Why is Fowles, as a narrator, extremely active here?
He uses not only talkative narrator, suggestion of endings, trying to change the destinies of the characters, and besides, the appeared narrator with beard. (Why haven’t many people tried to think about this?) Why does Fowles need to be so active here? Of course the answer is to delude readers. He must be busy not to be found by readers that he is not the creator of the story. There is something peculiar about the FLW as a heterosexual story. Sarah’s behavior is sometimes puzzling. However, as Sarah is not woman but the PRB(young painters who sought freedom and independence in the moral of the conservative Royal Academy), all riddles are solved.
The FLW is about the relationship between the painters and their patron.
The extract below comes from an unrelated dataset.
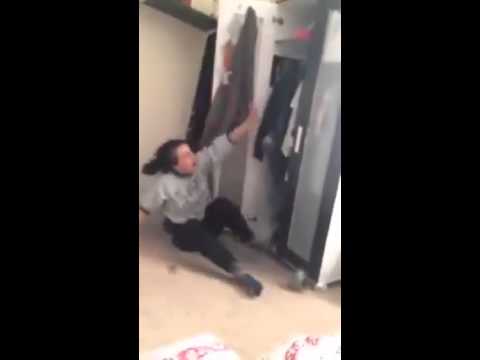 بالفيديو لحظة توقف الأنفاس عند سقوط خزانة ملابس على رأس فتاة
Sometimes
an artist and a patron are like lovers. Especially the patron as Ruskin cannot love woman. The PRB was, femme fatale, to John Ruskin’s life.
I watched the film and read the novel eagerly. Later I had a chance to learn about the PRB and Ruskin as the Victorian art history. Then I felt the track between the PRB and Ruskin was familiar. I felt I had read this story before. Main characters of both stories are the same.
Ruskin and his virgin wife Effie (it was well-known) met scandalous and mysterious PRB in the Royal Academy of Art as Charlse and his fiancee Ernestina meet scandalous and mysterious Sarah in Lyme Regis in the Victorian age.
Sir Joshua Reynolds was a symbol of the conservative and formalism moral of the Royal Academy of Arts as Sarah’s old obstinate lady employer is a symbol of the rigid moral of the Victorian society.
We should not ask magicians about the truth of their tricks. Magicians would not tell. We find enough evidence, and we don’t need their answers. It is time to be disillusioned by the magus Fowles.